United States v. Zamudio

Summarized by:

  • Court: 9th Circuit Court of Appeals Archives
  • Area(s) of Law: Criminal Law
  • Date Filed: 01-14-2015
  • Case #: 13-10322
  • Judge(s)/Court Below: Circuit Judge Wallace for the Court; Circuit Judges Schroeder and Owens
  • Full Text Opinion

Under 8 U.S.C. § 1326, no prejudice arises if the defendant cannot collaterally attack the underlying removal proceeding, and the five-year statute of limitations does not begin to run until the government has knowledge of the defendant’s illegal presence in the United States.

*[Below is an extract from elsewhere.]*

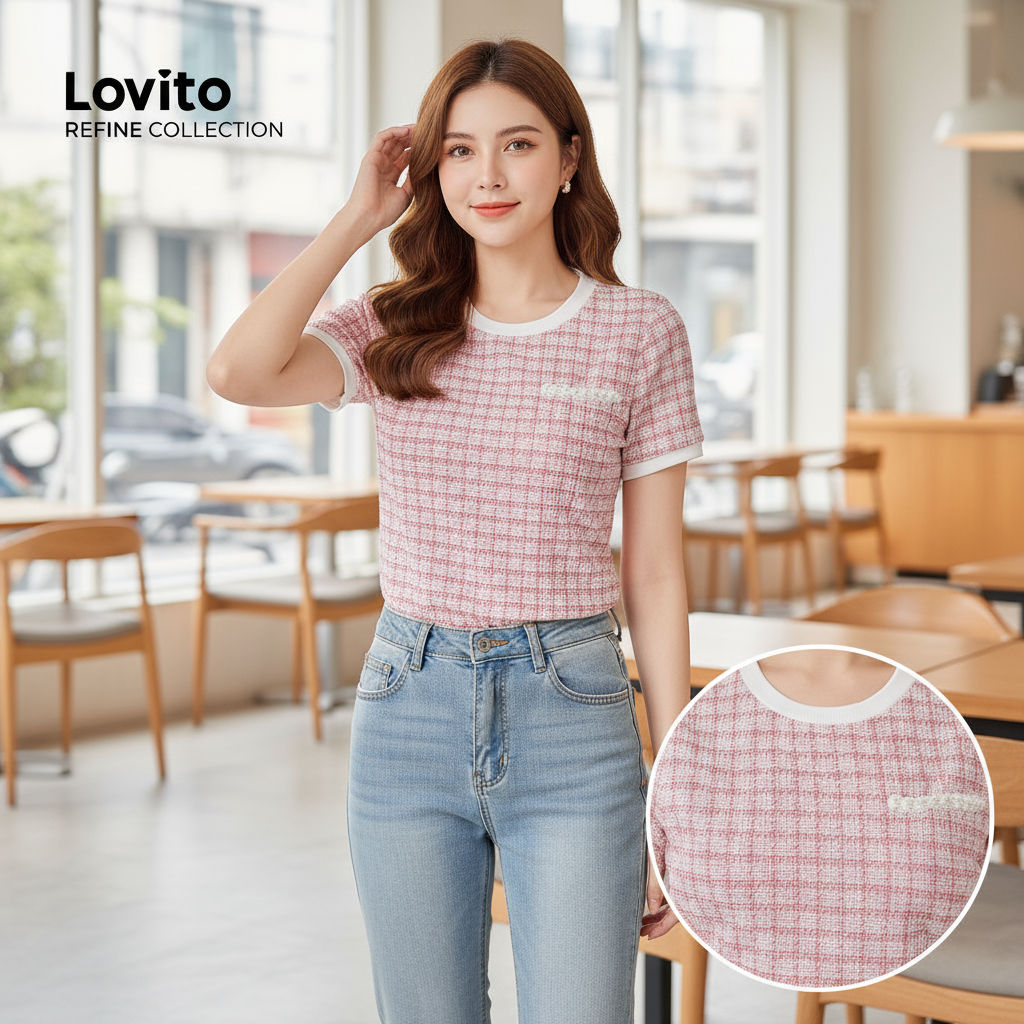 Lovito Refine Blusa Rosa Elegante Colorida com Tecido Costurado e Pérolas LR13E006 em Oferta na Shopee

Following Hermilo Palmerin Zamudio’s convictions for kidnapping and possession of methamphetamine, an Immigration Judge ordered Zamudio removed from the United States. Zamudio reentered the U.S. by presenting an invalid green card to immigration authorities. When Zamudio’s illegal presence in the U.S. was discovered, he was indicted under 8 U.S.C. § 1326 for reentering without permission. The district court denied a motion to dismiss the indictment in which Zamudio challenged the removal order and his assistance of counsel. At trial, Zamudio argued that the five-year statute of limitations under § 1326 had already run at the time of his indictment. Zamudio was found guilty and sentenced to prison. On appeal, the Ninth Circuit held that Zamudio failed to collaterally attack the underlying removal proceeding. The panel therefore held that Zamudio suffered no prejudice because the nature of his crimes made him ineligible for relief, and his counsel provided effective assistance under the Strickland v. Washington standard of reasonableness because “attorneys are not expected to make arguments based on cases not yet decided.” Additionally, since Zamudio presented an invalid green card to immigration authorities, the government did not have knowledge of his illegal presence, and the statute of limitations did not begin to run until officials discovered him years later. AFFIRMED.